══ Supplied records ══

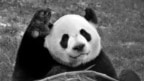 China reclama a varios países que le devuelvan los osos panda 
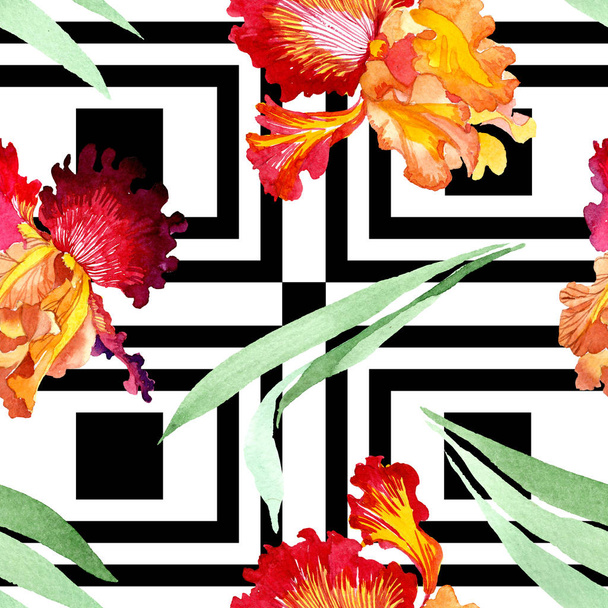 Rode vette ontmoeting Iris bloemen botanische bloemen. Aquarel achtergrond illustratie instellen. Naadloos achtergrond patroon. - Foto, afbeelding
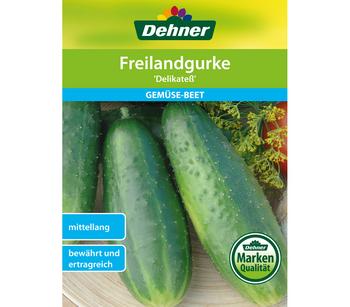 Dehner Samen Freilandgurke 'Delikateß'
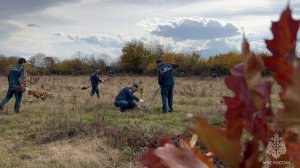 Сотрудники МЧС России приняли участие в акции «Сохраним лес»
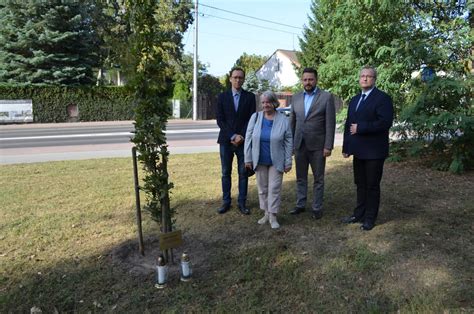 Rocznica Zag Ady Ludno Ci Ydowskiej Legionowskiego Getta Muzeum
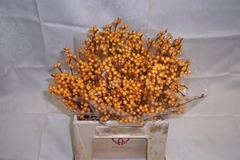 Ilex Golden Verboom 40cm
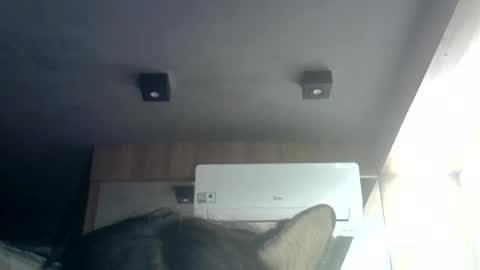 Snapshot of skinnykittencam chatting on June 23, 1:36 am skinnykittencam online show from June 23, 1:36 am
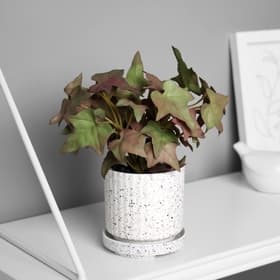 Искусственный цветок в горшке «Плющ комнатный ультра» (мягкий лист), 15×7 см, МИКС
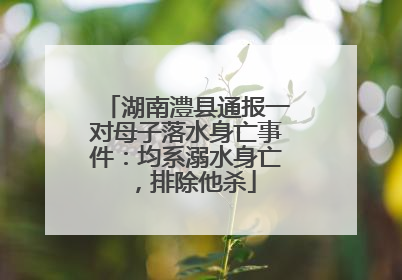 湖南澧县通报一对母子落水身亡事件：均系溺水身亡，排除他杀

═══

Task – While skipping the pictures, transcribe the data above from the line showing "Rode vette ontmoeting" through the line showing "Snapshot of skinnykittencam", exactly and with both ends.

Answer area –
 Rode vette ontmoeting Iris bloemen botanische bloemen. Aquarel achtergrond illustratie instellen. Naadloos achtergrond patroon. - Foto, afbeelding
 Dehner Samen Freilandgurke 'Delikateß'
 Сотрудники МЧС России приняли участие в акции «Сохраним лес»
 Rocznica Zag Ady Ludno Ci Ydowskiej Legionowskiego Getta Muzeum
 Ilex Golden Verboom 40cm
 Snapshot of skinnykittencam chatting on June 23, 1:36 am skinnykittencam online show from June 23, 1:36 am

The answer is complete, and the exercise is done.